> Your assignment:
An exact copy of every record below is required, with the pictures left out.
Provided records START
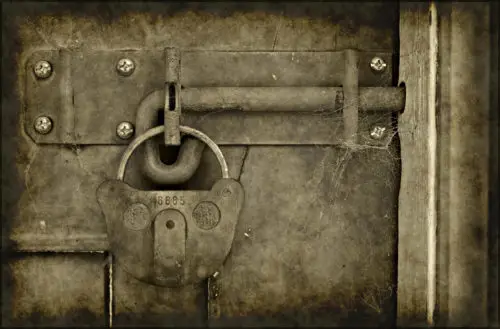 free old grungy lock on door background photo
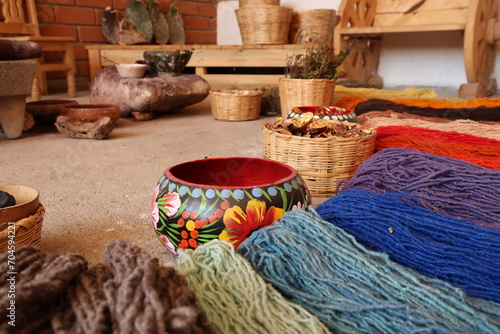 Display of natural ingredients that are needed to dye the threads for a traditional mexican carpet, Oaxaca, Mexico © anja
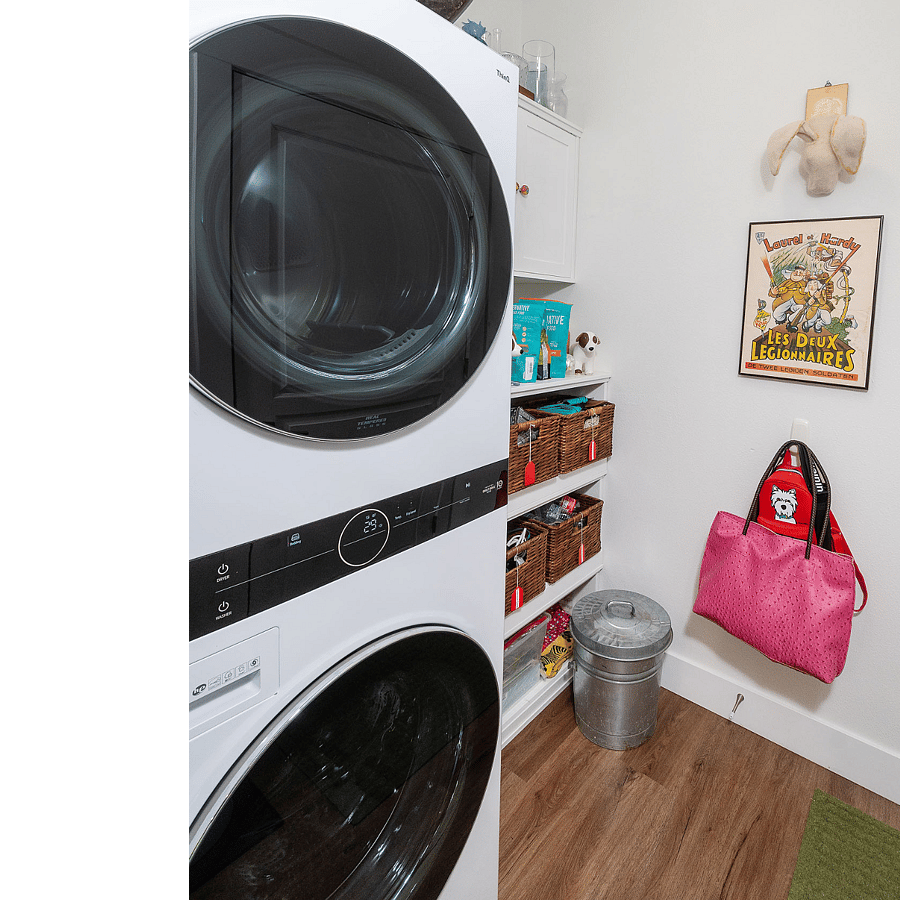 Laundry Room has Stacked Washer & Dryer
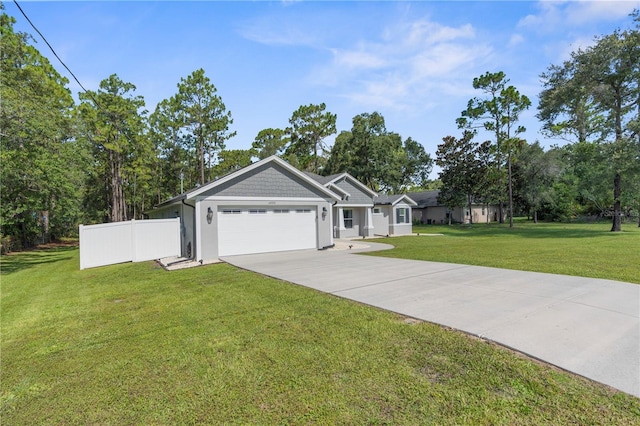12333 Harris Hawk Rd, Weeki Wachee, FL 34614 - ranch-style house with driveway, an attached garage, stucco siding, and view of scattered trees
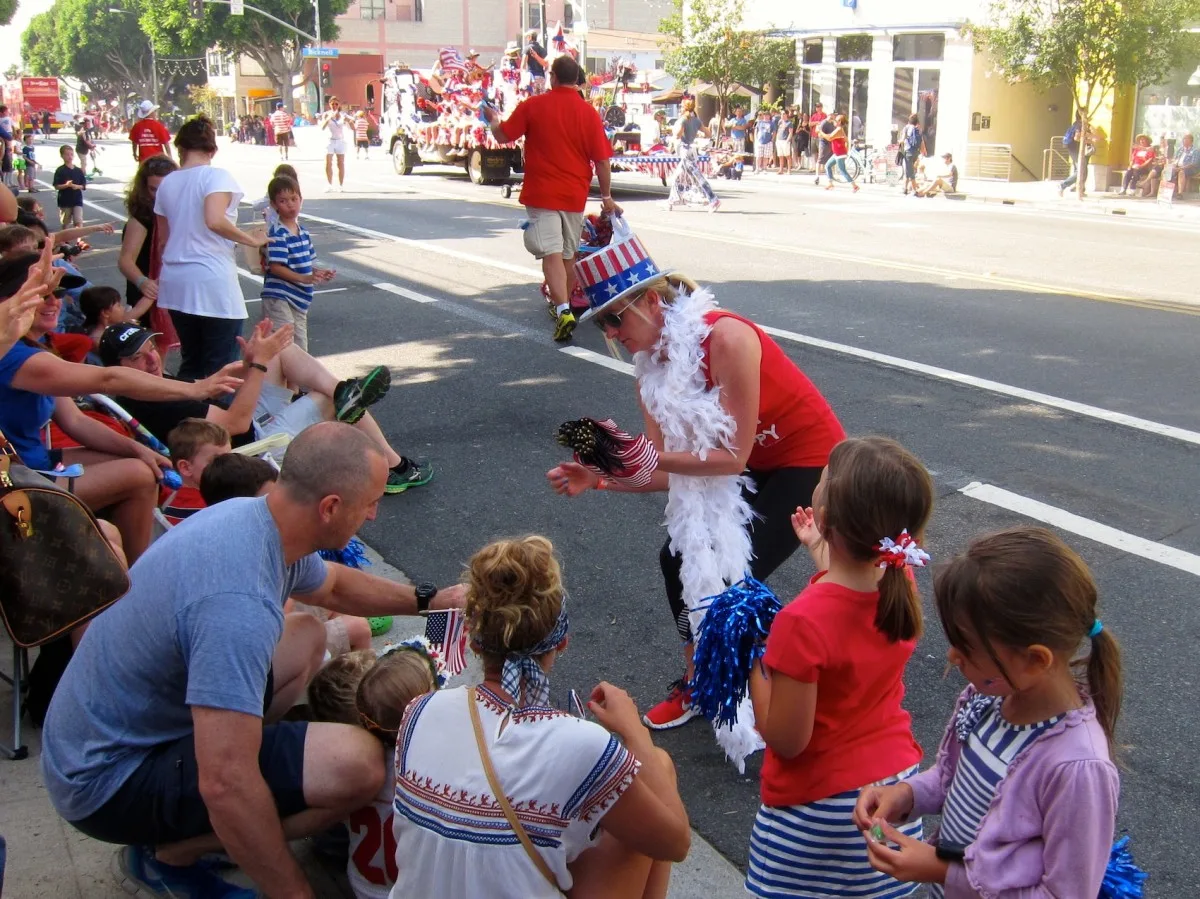 Small American flags are handed out along the parade route for Santa Monica’s Fourth of July celebration on Main Street Friday. (Photo by Saul Rubin)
Provided records END
> Finished exercise:
 free old grungy lock on door background photo
 Display of natural ingredients that are needed to dye the threads for a traditional mexican carpet, Oaxaca, Mexico © anja
 Laundry Room has Stacked Washer & Dryer
12333 Harris Hawk Rd, Weeki Wachee, FL 34614 - ranch-style house with driveway, an attached garage, stucco siding, and view of scattered trees
 Small American flags are handed out along the parade route for Santa Monica’s Fourth of July celebration on Main Street Friday. (Photo by Saul Rubin)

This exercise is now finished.